## ASSIGNED TASK
Copy word for word the lines in the records below, starting at the line with "Stock image for" and ending at the line with "- Georgie Ross". Skip the pictures.
'''
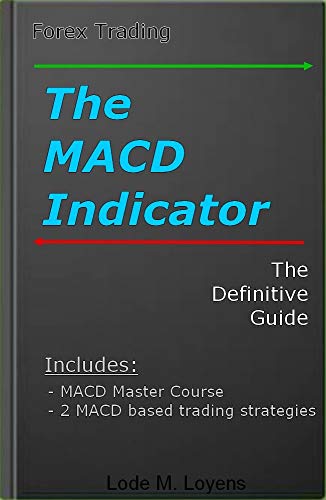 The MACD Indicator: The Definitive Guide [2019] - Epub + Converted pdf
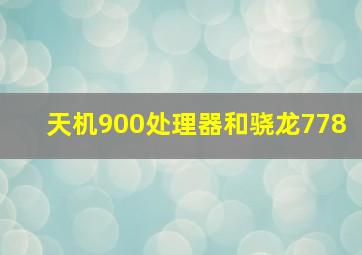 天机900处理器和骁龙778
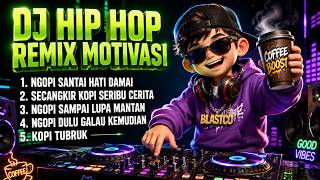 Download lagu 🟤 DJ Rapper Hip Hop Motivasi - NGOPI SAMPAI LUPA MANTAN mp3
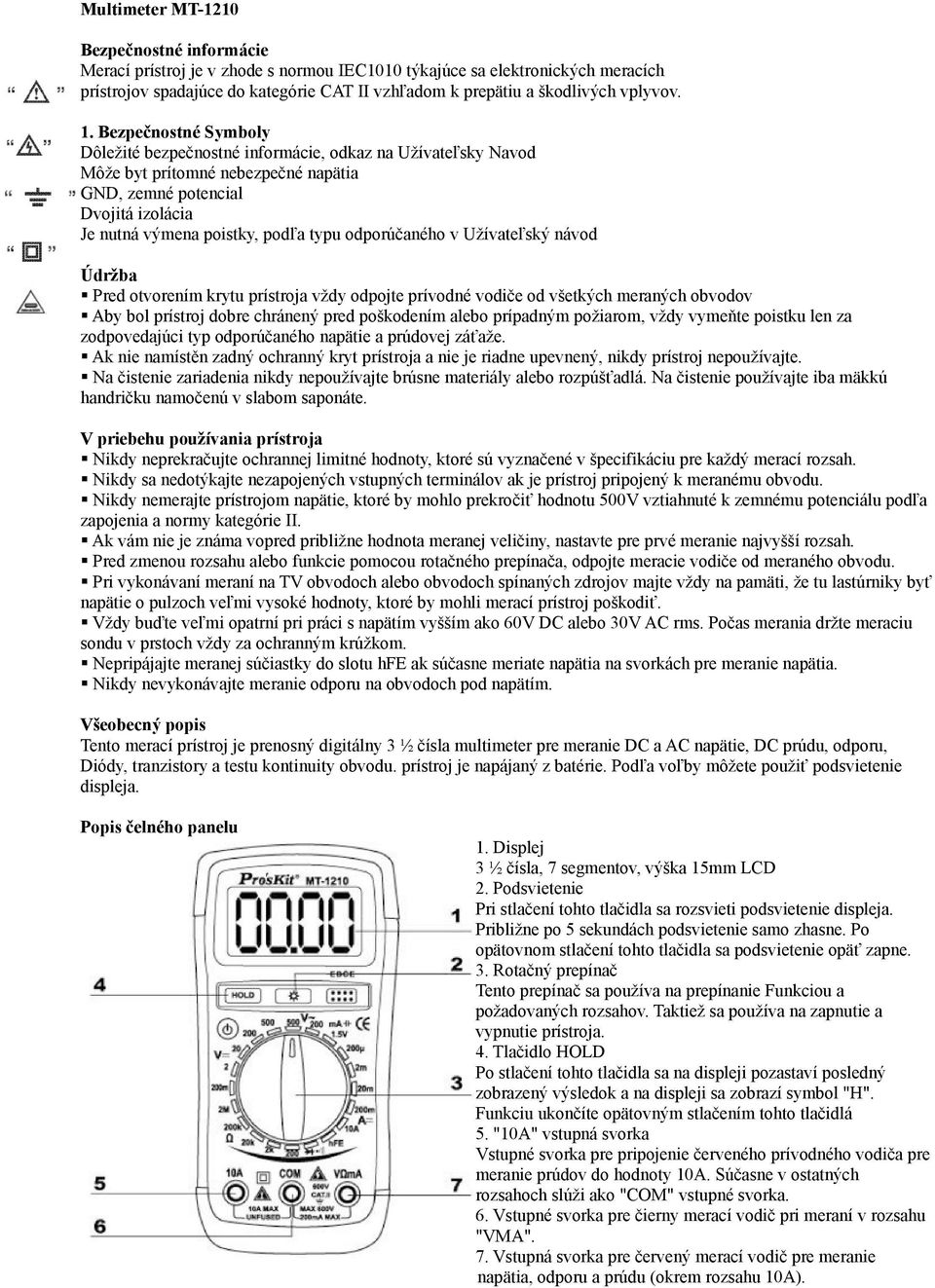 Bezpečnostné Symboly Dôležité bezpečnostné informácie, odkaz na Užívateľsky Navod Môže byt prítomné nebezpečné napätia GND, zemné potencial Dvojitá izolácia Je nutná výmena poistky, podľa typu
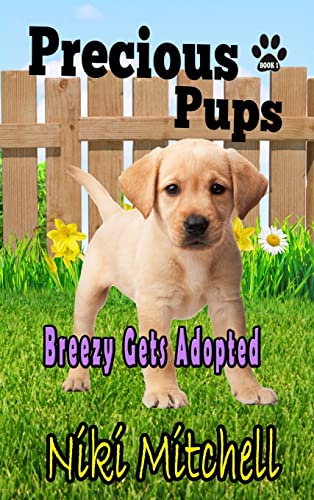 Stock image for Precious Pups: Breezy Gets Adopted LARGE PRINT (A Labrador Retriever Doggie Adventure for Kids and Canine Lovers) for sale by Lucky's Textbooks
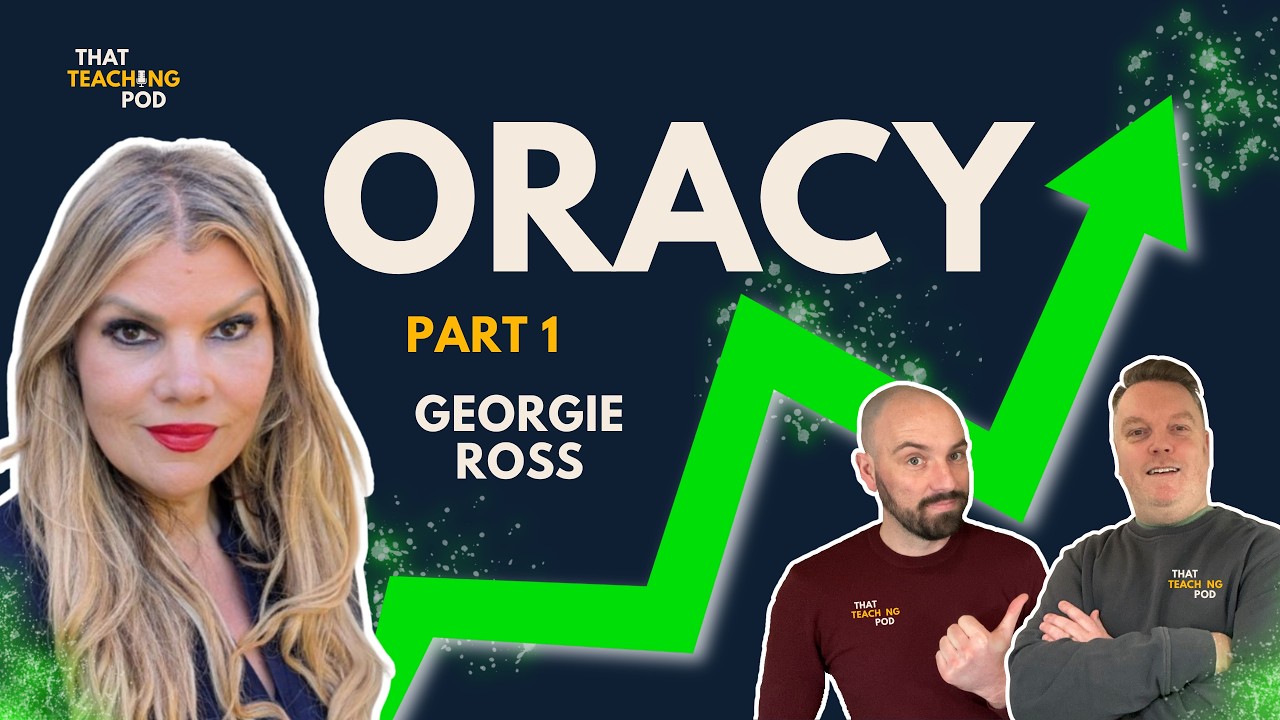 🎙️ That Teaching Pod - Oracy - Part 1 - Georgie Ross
'''
'''
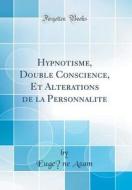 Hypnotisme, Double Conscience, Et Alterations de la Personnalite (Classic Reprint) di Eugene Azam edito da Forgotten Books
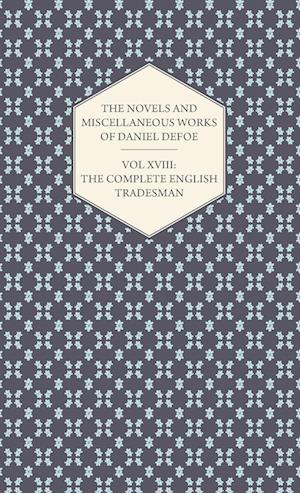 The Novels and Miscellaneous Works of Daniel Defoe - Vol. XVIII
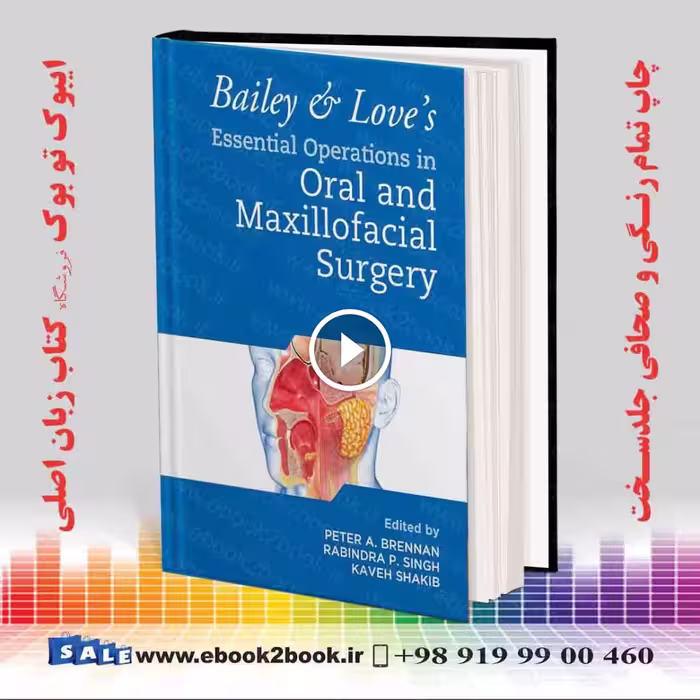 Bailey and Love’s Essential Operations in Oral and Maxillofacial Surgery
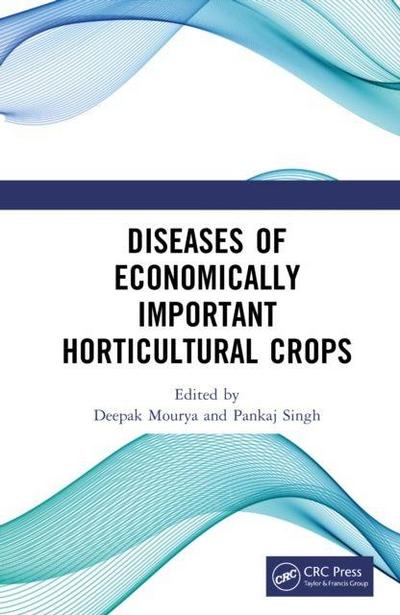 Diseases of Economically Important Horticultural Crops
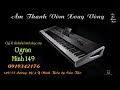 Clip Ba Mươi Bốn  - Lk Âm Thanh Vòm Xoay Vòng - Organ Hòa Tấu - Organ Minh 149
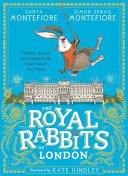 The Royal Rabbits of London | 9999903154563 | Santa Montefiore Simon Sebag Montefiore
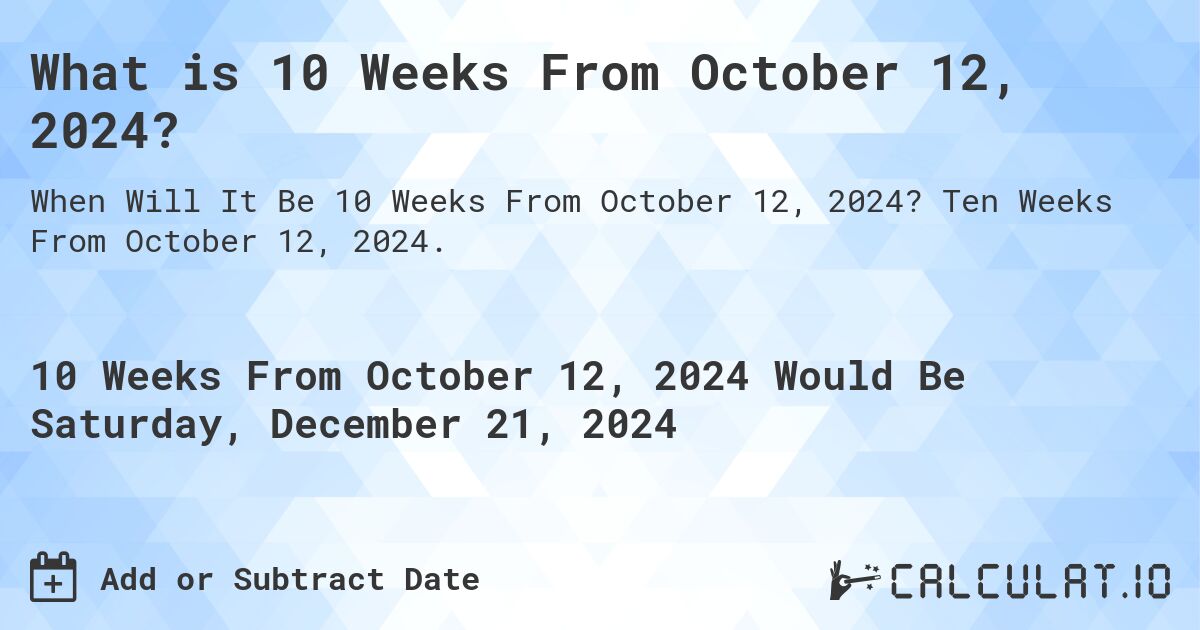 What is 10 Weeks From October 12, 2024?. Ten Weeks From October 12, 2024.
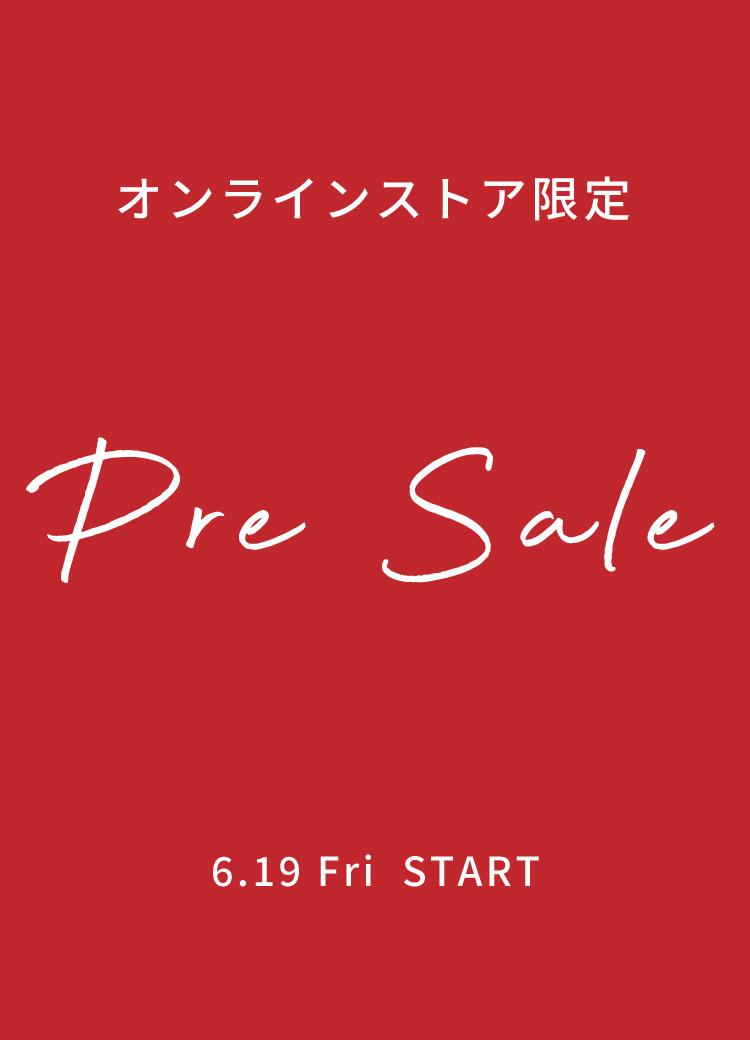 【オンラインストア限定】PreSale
'''
## SOLUTION TO THIS EXERCISE
 Stock image for Precious Pups: Breezy Gets Adopted LARGE PRINT (A Labrador Retriever Doggie Adventure for Kids and Canine Lovers) for sale by Lucky's Textbooks
 🎙️ That Teaching Pod - Oracy - Part 1 - Georgie Ross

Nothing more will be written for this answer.